• Data section:
::::

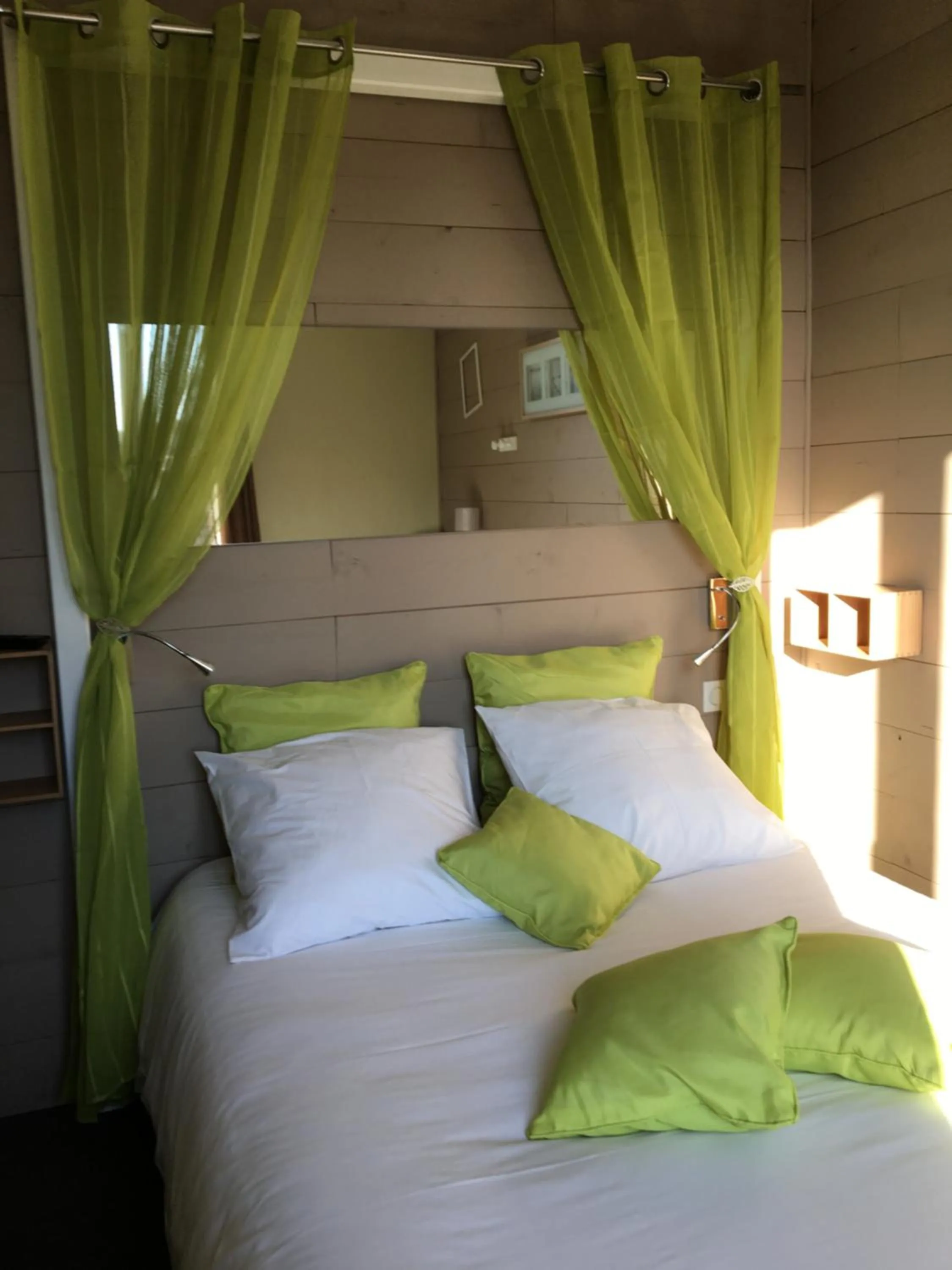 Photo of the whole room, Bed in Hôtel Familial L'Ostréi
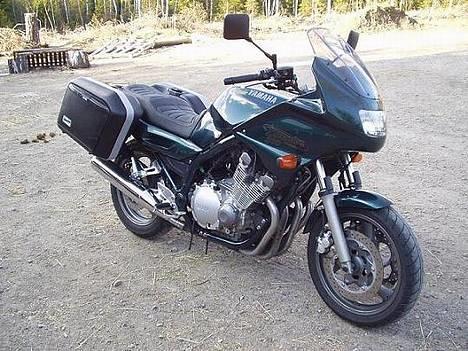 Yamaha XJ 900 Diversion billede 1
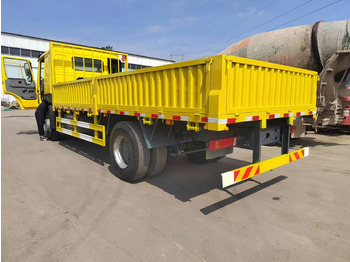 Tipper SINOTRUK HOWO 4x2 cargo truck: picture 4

::::

• What you need to do: With the pictures omitted, print each line of the data above precisely as given.

• Solution:
 Photo of the whole room, Bed in Hôtel Familial L'Ostréi
 Yamaha XJ 900 Diversion billede 1
 Tipper SINOTRUK HOWO 4x2 cargo truck: picture 4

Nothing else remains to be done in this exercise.